_DIRECTIONS FOR THIS TASK_: Each line below needs to be returned exactly. Skip any picture.

_DATA PROVIDED_:
+===+
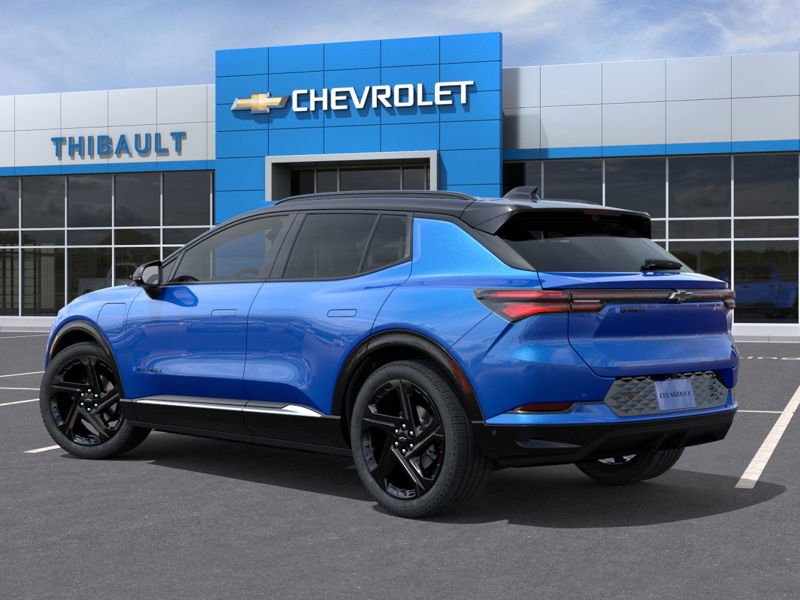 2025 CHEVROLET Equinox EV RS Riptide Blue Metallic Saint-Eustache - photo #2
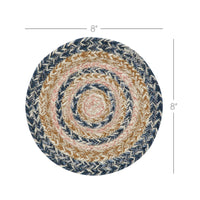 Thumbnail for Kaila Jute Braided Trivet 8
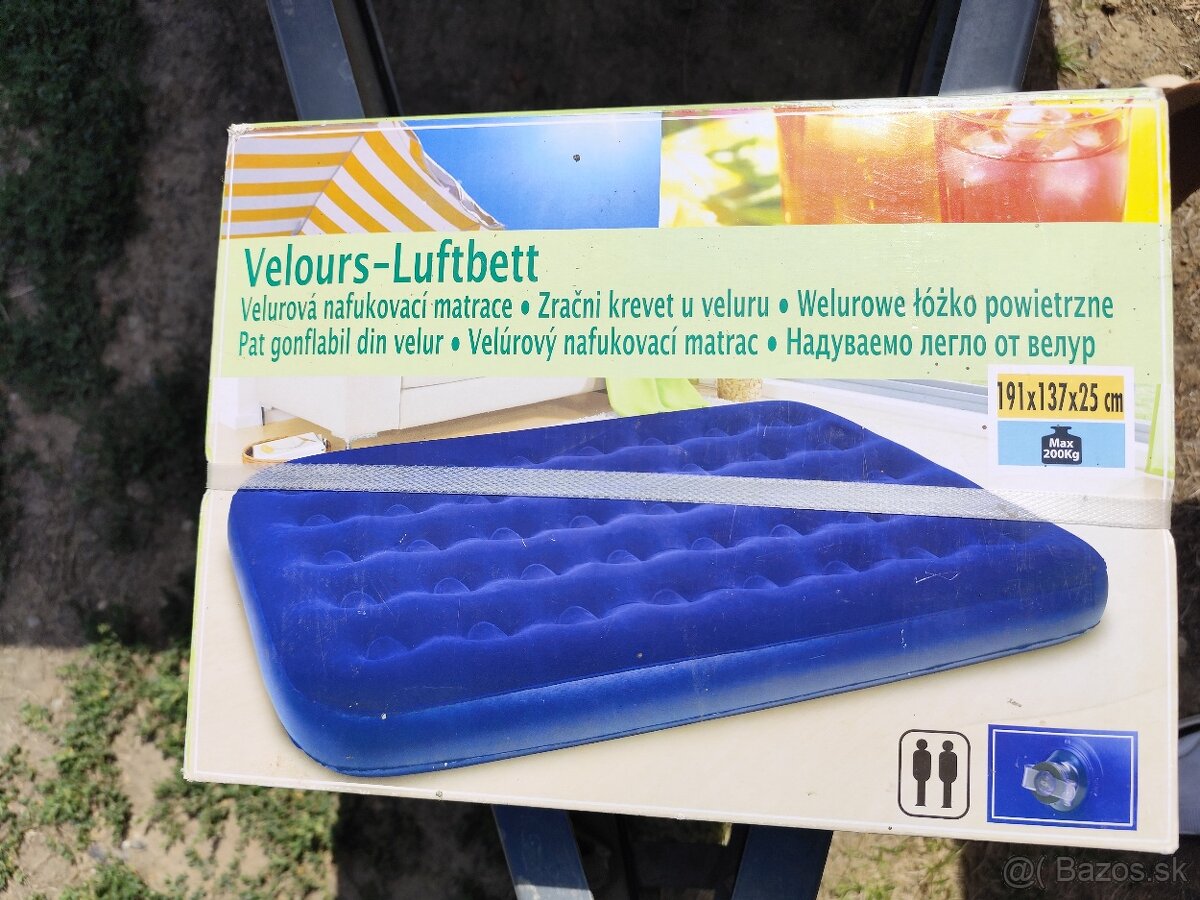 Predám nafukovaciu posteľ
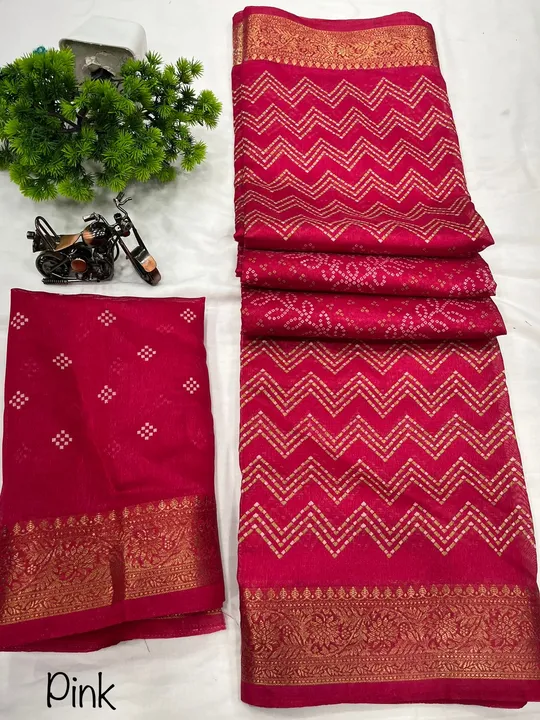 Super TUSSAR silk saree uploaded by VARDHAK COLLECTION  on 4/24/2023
+===+
_SOLUTION_:
 2025 CHEVROLET Equinox EV RS Riptide Blue Metallic Saint-Eustache - photo #2
 Thumbnail for Kaila Jute Braided Trivet 8
 Predám nafukovaciu posteľ
 Super TUSSAR silk saree uploaded by VARDHAK COLLECTION  on 4/24/2023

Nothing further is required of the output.